Kozloduy Nuclear Power Plant decided to terminate the contract with Russia for the supply of nuclear fuel, executive director Valentin Nikolov said. The contract was due to end in 2025. He added that Russian fuel already delivered will now serve as a reserve.

He made the comments during a ceremony marking the loading of the last of the initial 43 cassettes containing nuclear fuel from US-based Westinghouse at Kozloduy NPP’s unit 5. The unit, which was closed for scheduled maintenance, is due to resume operations on 9 June. Nikolov emphasized that the price of American fuel is comparable to that of Russian fuel. Simultaneously, negotiations are underway with the French company Framatome for the supply of nuclear fuel for Kozloduy unit 6. The last loading of unit 6 with Russian fuel will take place in the autumn. In October-November 2025, the reactor will operate in part with French fuel, which is a prototype of the current Russian TVSA.

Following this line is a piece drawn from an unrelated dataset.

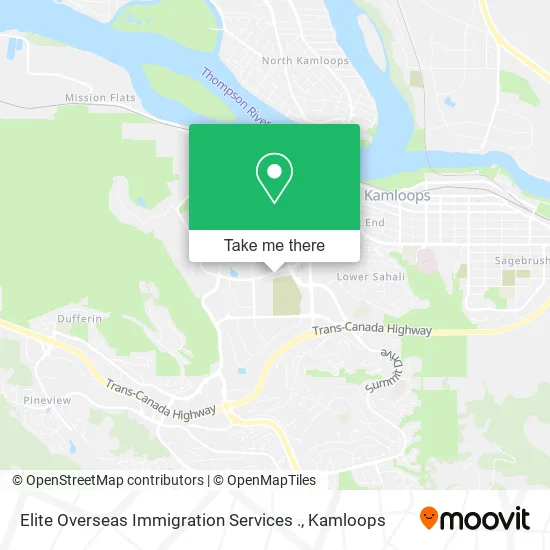 Elite Overseas Immigration Services . map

Currently, Kozloduy NPP operates two Soviet-built VVER-1000 reactors (unit 5&6), which provide about 34% of Bulgaria’s electricity, the country was obliged to close four older VVER-440 units as a condition for accession to the European Union, even though the units had undergone significant safety upgrades. Kozloduy Units 5&6 were due to be decommissioned in 2027 and 2029 but have undergone refurbishment and life extension programmes to enable the extension of operation from 30 to 60 years. Unit 5 was connected to the grid in 1987 and unit 6 in 1991.

In April, Bulgaria’s Nuclear Regulatory Agency licensed the use of the Westinghouse fuel for unit 5, the first 43 cartridges of which had already been delivered to the site. A 10-year contract with Westinghouse Electric Sweden AB for fuel supply for unit 5 was signed at the end of 2022. The new American fuel arrived at Kozloduy NPP by ship from Sweden.

The permit is for a step-by-step transition to the new Robust Westinghouse Fuel Assembly RWFA fuel from the Russian TVEL fuel which is currently used. An earlier permit was issued in January for storage of the fuel at the site. The process of partial refuelling and parallel operation of both fuels will continue for four years. Only a quarter of fresh nuclear fuel will be replaced during the coming four fuel campaigns.